A reader’s best retreats in Los Angeles

(This is a repost of an entry I submitted at GoneReading.com — visit the site and help do some good for worldwide literacy!)

Ask people what first comes to mind when they think of Los Angeles, and there’s a good chance they’ll say, “driving.”  If you ask a native, they may say so, too.  In a kind of resigned mutter.

Los Angeles is the 20th century automotive city: the triumph of the car over topography, centrality and distance.  Which mandates sitting in your automobile for long stretches of time, getting from Santa Ana to Thousand Oaks, or from Irvine to Encino (OMG, that’s a haul!).

And since I moved here from Chicago, that’s meant not being able to read on the way.

Major eastern cities with long commutes and public transit systems allow unique opportunities to dive into a book while you’re waiting to reach your station.  When you’re in a car, though, audiobooks are, IMHO, a slight (and pricey) substitute for being able to pull last week’s New Yorker or your dogeared Ed McBain out of your backpack.

But Los Angeles is still a city with plenty of readers. You’ll find them in the coffeehouses of Los Feliz or Studio City.  Reading scripts.  Running lines.  Diving into self-actualization guides (yes, we do that out here.  You would, too).  Or actually reading honest-to-God fiction.  There are plenty of iPads and NOOKs to be seen, and plenty of people hunkered down over them in places like Starbucks or the indie spots like Alcove or the Bourgeois Pig.  Sitting on a sculpted, landscape slope at the Getty with the city laid out below you is a spectacular venue, as well.  If you want to leave the city in your dust and read under the open sky, it’s a remarkably convenient trip to the recesses of Griffith Park or Topanga Canyon, too.

But my favorite spot (so far) to read is one that, frankly, surprised me.  It’s purpose-built for readers…and it’s symbolic of present-day struggles: The Los Angeles Central Library is a monument, a veritable temple, designed in 1926 by Bertram Goodhue.  The mosaic pyramid atop this landmark makes you think of shrines of antiquity, as it was meant to; its sleek,Modernist/Beaux-Arts is gorgeous and timeless, its interiors spacious and cool and replete with reading rooms, nooks and benches.  It’s a throwback to a different era, and I get a sense of real retreat into a more cloistered place, mentally and physically, when I enter it.

The library was thoroughly revamped after fires in 1986 that did massive damage.  Expansions over the years have added depth and facility.  But every library in the L.A. system faces the budgetary vise that’s affecting civic libraries across the country.  The place is closed on Sundays and Mondays, hours curtailed on other days, and there’s the constant mutter that libraries may be antiques, that the Web and e-reading make them superfluous.
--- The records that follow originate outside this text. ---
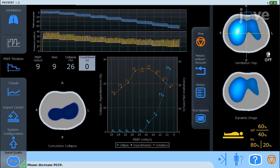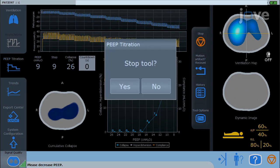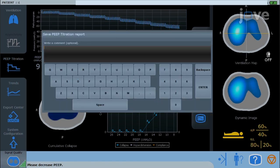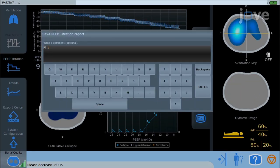Optionally, provide comments or name the titration and obtain the PEEP titration graph.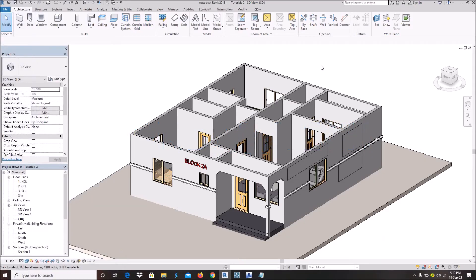Hello everyone, welcome back to my YouTube channel. Today I want to do a video concerning a request I got — some people requesting how to do gabled concrete fascia on a gable roof. It's kind of a little tricky, but let me just go straight to it. There are some ways of using sweep and some other tools you can use to get that.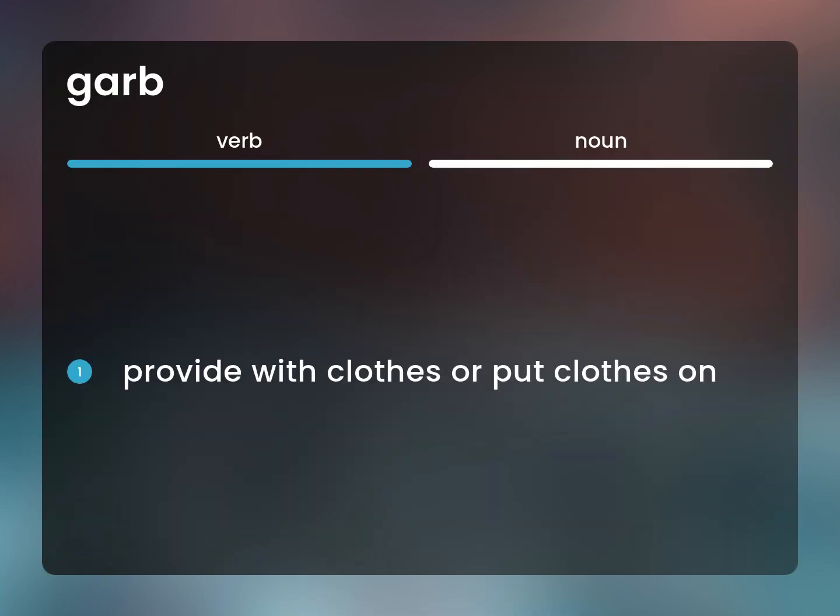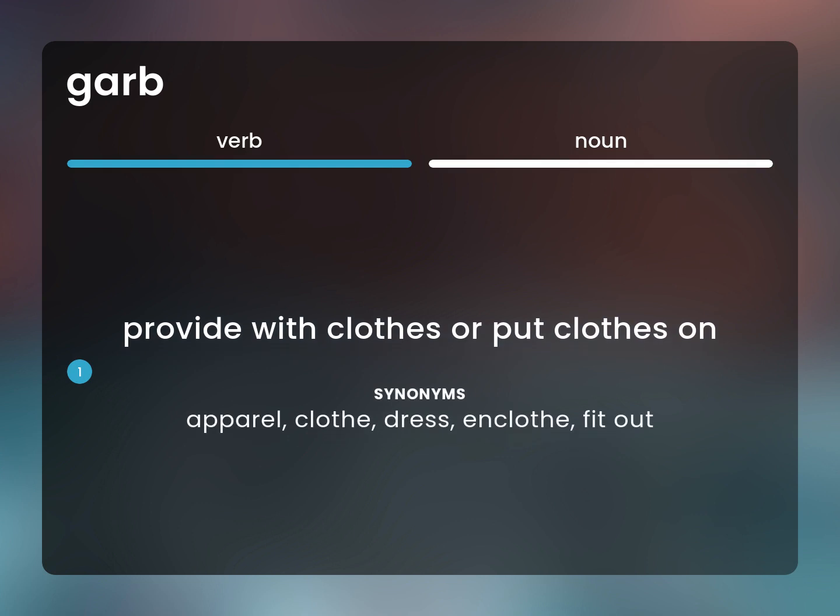Provide with clothes or put clothes on. Apparel, clothe, dress, and clothe, fit out.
But the temple allusion holds, in my mind.  Libraries are about people coming together in common cause. If you atomize reading and libraries too much, you lose part of their purpose – the singular sense you get that you’re among people who are there to read, to learn, to explore the stacks for a book that’s an exploration in and of itself.  Anyone who’s ever perused a checkout card knows what I’m saying.  In a city like L.A., already scattered and partitioned in so many ways, libraries like the Central are essential glue in making this city – or any other — seem like a community.